Start of Source records

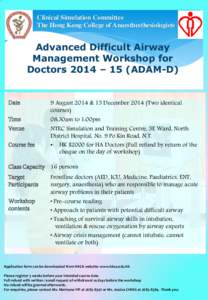 Clinical Simulation Committee The Hong Kong College of Anaesthesthesiologists Advanced Difficult Airway Management Workshop for Doctors 2014 – 15 (ADAM-D)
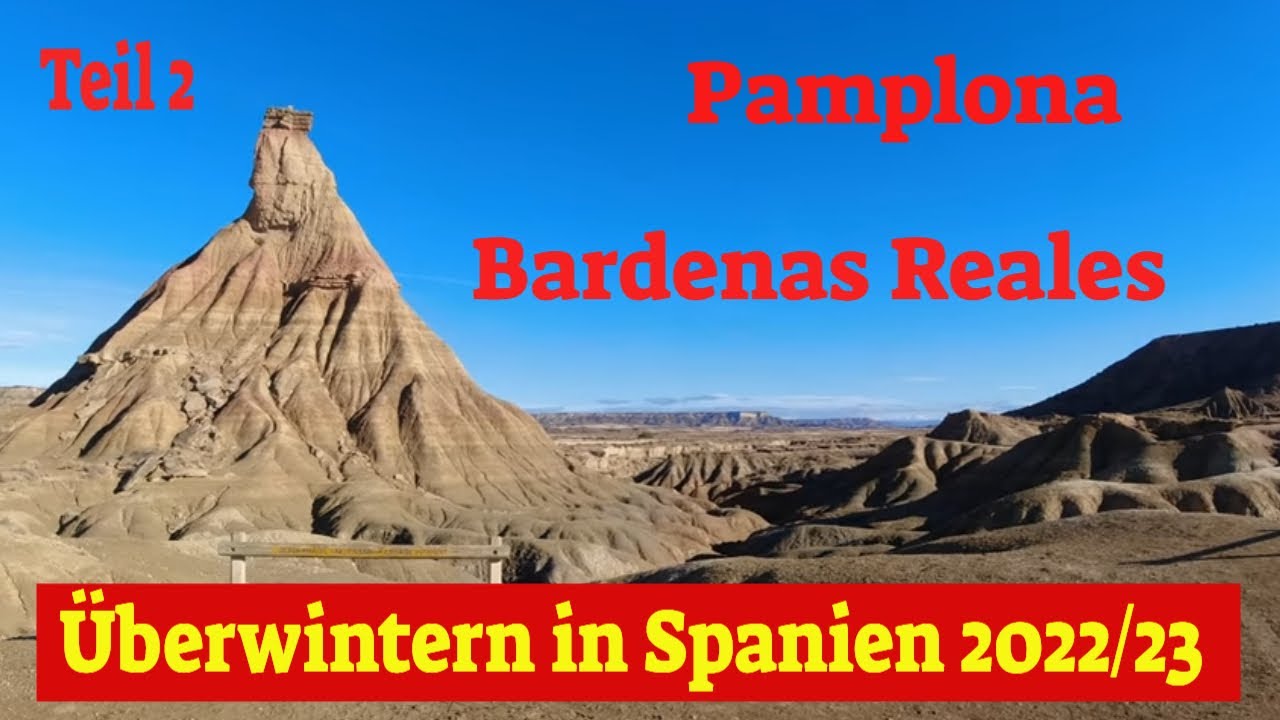 &Uuml;berwintern in Spanien im Wohnmobil 2022/23 Teil2 💖Pamplona und Bardenas Reales😎
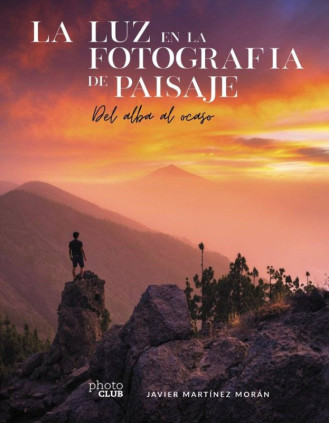 LA LUZ EN LA FOTOGRAFIA DE PAISAJE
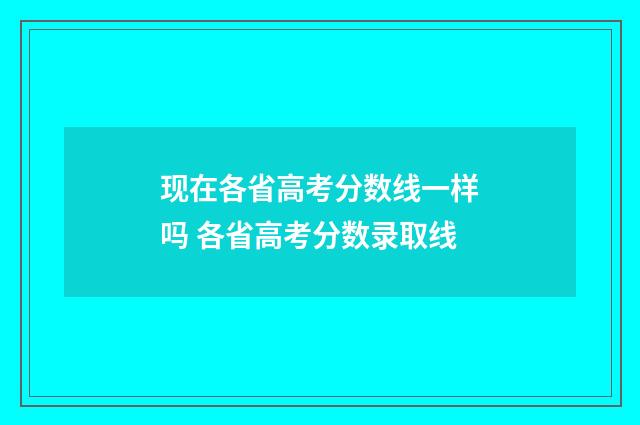 现在各省高考分数线一样吗 各省高考分数录取线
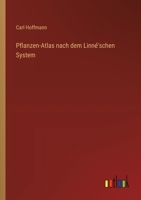 Pflanzen-Atlas nach dem Linné'schen System 3368508792 Book Cover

End of Source records

> **Exercise instructions**:
Reproduce exactly and only the lines from the one with "LA LUZ EN LA FOTOGRAFIA DE PAISAJE" through the last entry, both included, excluding every picture.

> **Exercise result**:
 LA LUZ EN LA FOTOGRAFIA DE PAISAJE
 现在各省高考分数线一样吗 各省高考分数录取线
 Pflanzen-Atlas nach dem Linné'schen System 3368508792 Book Cover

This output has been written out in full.